The average sale price in Auckland is just below its highest level of $555,000, which is an eight per cent increase on the prices in 2012. The highest-priced region in Auckland, with a median price of $694,000, is the North Shore followed by Auckland Central which has an average sale price of $670,000. Across New Zealand, the average sale price is now $390,000 which is a more modest increase of three per cent.

The outlook will continue to see strong demand for property, particularly in the Auckland region. Buyers are starting to look further afield to seek value. While confidence will remain strong in the main areas, median price and sales volumes may begin to trend upwards for many provincial areas.

Keith Niederer, chief executive officer, LJ Hooker and Harveys Group:

The Auckland market continues to rise, with a steady supply of listings coming to the market. Bringing your property to the market during June, July, and August is the ideal time to sell as there are more buyers than property for sale. Auctions are becoming more popular, as the market sets the price and prospective purchasers compete to own.

Auckland rates and insurance costs are rising and the cost of living is taking its toll on many Auckland families. Many homeowners will take advantage of the higher prices and the vendors' market, with areas on the fringe of Auckland, such as Pukekohe, Helensville, Whangaparaoa and Warkworth benefitting from families moving to these more affordable locations.

Many retirees are also on the move, selling in Auckland atgood prices and buying in regional towns such as Matamata, Morrinsville, Cambridge, Whangarei and Thames.

First-home buyers will continue to be active, with parents becoming more involved financially in purchasing their children's first homes, helping with the deposit or using equity in the family home.

With petrol prices set to increase yet again in July the cost of building a home will also increase, with council compliance costs and building materials, also going up. With interest rates, it's a wait and see situation. They may go down due to the high dollar.

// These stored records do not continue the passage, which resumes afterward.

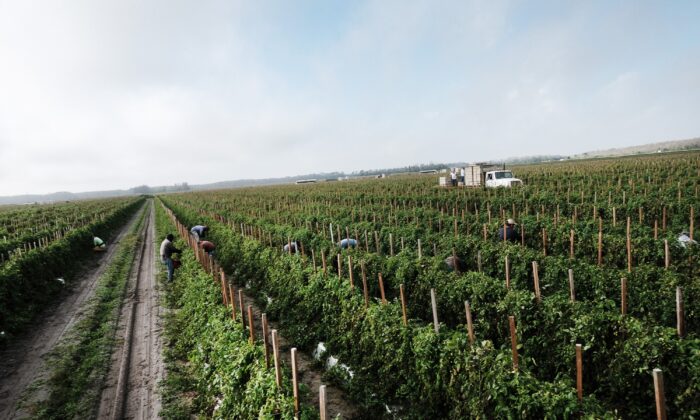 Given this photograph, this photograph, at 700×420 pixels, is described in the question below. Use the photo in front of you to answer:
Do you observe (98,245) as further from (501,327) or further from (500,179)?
(500,179)

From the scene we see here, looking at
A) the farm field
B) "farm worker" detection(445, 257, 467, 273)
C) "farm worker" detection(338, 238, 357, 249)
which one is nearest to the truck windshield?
the farm field

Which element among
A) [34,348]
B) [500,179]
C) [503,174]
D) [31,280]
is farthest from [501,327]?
[503,174]

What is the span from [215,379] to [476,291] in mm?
5502

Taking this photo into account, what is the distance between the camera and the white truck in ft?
100

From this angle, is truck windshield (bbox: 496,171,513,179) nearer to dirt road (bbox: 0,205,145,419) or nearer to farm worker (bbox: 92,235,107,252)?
dirt road (bbox: 0,205,145,419)

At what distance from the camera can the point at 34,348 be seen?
8.95 metres

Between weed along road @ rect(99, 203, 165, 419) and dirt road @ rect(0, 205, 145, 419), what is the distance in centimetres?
137

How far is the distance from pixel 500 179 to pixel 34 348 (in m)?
31.7

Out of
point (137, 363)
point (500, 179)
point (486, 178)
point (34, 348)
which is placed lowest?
point (137, 363)

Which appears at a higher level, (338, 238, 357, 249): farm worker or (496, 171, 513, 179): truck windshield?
(496, 171, 513, 179): truck windshield

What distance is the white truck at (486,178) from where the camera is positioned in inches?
1204

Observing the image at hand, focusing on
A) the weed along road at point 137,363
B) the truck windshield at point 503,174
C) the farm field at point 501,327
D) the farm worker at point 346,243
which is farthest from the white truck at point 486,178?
the weed along road at point 137,363

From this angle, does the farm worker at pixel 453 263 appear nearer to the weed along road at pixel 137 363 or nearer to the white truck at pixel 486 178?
the weed along road at pixel 137 363

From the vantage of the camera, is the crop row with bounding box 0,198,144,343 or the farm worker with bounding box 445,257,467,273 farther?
the farm worker with bounding box 445,257,467,273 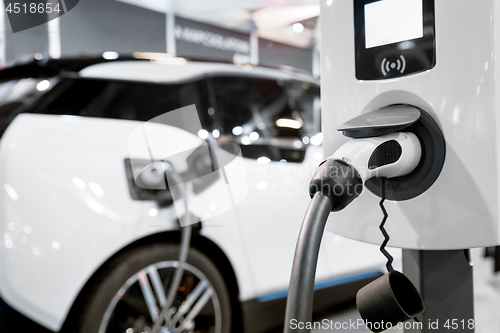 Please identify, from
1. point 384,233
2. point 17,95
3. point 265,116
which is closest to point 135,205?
point 17,95

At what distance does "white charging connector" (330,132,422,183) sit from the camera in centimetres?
26

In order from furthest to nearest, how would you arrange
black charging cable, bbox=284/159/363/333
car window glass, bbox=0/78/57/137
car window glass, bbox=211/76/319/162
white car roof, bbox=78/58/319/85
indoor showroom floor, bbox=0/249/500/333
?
car window glass, bbox=211/76/319/162, white car roof, bbox=78/58/319/85, car window glass, bbox=0/78/57/137, indoor showroom floor, bbox=0/249/500/333, black charging cable, bbox=284/159/363/333

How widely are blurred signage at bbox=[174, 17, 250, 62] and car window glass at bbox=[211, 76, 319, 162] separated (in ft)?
0.37

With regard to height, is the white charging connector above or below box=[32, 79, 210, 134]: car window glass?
below

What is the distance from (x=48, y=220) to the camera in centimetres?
79

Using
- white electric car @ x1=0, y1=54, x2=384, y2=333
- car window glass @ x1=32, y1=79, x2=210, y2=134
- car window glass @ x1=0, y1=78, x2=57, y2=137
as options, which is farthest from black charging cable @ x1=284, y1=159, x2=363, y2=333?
car window glass @ x1=0, y1=78, x2=57, y2=137

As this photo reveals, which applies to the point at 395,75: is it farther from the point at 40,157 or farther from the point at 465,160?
the point at 40,157

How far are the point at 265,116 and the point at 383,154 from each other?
0.95m

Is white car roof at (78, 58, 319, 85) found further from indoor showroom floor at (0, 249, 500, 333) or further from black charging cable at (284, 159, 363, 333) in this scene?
black charging cable at (284, 159, 363, 333)

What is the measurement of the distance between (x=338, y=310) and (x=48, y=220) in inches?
38.3

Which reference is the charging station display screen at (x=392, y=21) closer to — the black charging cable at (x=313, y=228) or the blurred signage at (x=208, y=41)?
the black charging cable at (x=313, y=228)

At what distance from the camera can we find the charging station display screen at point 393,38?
0.29 m

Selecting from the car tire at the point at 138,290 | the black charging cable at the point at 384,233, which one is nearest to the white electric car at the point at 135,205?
the car tire at the point at 138,290

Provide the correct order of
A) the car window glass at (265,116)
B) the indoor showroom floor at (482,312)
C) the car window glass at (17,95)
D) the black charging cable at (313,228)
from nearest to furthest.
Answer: the black charging cable at (313,228) < the indoor showroom floor at (482,312) < the car window glass at (17,95) < the car window glass at (265,116) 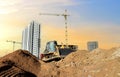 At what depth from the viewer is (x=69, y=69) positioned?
2381cm

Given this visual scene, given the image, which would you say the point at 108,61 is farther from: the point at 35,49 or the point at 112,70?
the point at 35,49

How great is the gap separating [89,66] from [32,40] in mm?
144800

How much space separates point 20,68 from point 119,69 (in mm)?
8657

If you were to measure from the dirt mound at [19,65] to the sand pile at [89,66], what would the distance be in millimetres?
1004

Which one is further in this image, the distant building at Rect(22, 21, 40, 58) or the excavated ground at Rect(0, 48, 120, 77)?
the distant building at Rect(22, 21, 40, 58)

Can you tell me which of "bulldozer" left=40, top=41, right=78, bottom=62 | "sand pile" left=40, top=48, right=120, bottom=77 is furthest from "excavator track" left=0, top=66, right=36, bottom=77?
"bulldozer" left=40, top=41, right=78, bottom=62

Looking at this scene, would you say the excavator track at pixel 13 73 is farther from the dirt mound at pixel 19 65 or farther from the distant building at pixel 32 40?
the distant building at pixel 32 40

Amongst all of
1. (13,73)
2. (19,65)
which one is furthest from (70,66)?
(13,73)

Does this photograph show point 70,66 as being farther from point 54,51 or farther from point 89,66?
point 54,51

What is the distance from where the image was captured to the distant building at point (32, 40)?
164 metres

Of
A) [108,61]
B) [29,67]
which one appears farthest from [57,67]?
[108,61]

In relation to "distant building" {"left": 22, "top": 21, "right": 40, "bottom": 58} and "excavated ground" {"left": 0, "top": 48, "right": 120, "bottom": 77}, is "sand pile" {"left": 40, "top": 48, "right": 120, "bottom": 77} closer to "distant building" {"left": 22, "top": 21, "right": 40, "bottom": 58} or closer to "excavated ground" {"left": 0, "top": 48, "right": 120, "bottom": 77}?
"excavated ground" {"left": 0, "top": 48, "right": 120, "bottom": 77}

Rents will continue to rise as landlords need to recover costs of rates and insurance. Some landlords are taking advantage of strong prices and are selling some of their portfolio to increase equity and lessen risk.

Auckland's Unitary Plan tells us traffic congestion is here to stay, with residential apartment blocks and more intensification across the city in the years to come.

Hayden Duncan, chief executive officer, Harcourts Group:

Housing affordability and supply continue to dominate media headlines and political discussions, however national results from Harcourts show we are in a two-paced real estate market.

Auckland and Christchurch continue to see increasing house values off the back of limited supply, but provincial New Zealand and Wellington are consistently experiencing flat to low increases in values and volumes.

Attempting to slow the Auckland and Christchurch markets with wide-sweeping measures, such as restrictions on high loan to value lending, could be catastrophic for other markets throughout New Zealand that are experiencing a cautious, fragile recovery.

The only solution to rising house prices in Auckland and Christchurch is to increase supply. Politicians and local government need to stop talking and start providing real solutions for our two largest cities.

Auckland figures show the housing shortage is deepening, with new stock to the market down on the same month last year. Some owners are choosing to stay where they are rather than risk selling and struggling to re-purchase in a highly competitive market.

In Christchurch the rebuild does not seem to be even close to keeping up with the demand for accommodation.

The central region is seeing a fragile and slow recovery with increased values and volumes both showing signs of confidence returning. Wellington, Hawkes Bay and Taranaki are seeing promising signs, but there seems to be no pressure to increase prices. Job-market confidence in Wellington still seems low, however stock continues to drop and will put pressure on supply and demand factors soon. The southern region remains the most balanced, being neither a buyers' nor a sellers' market.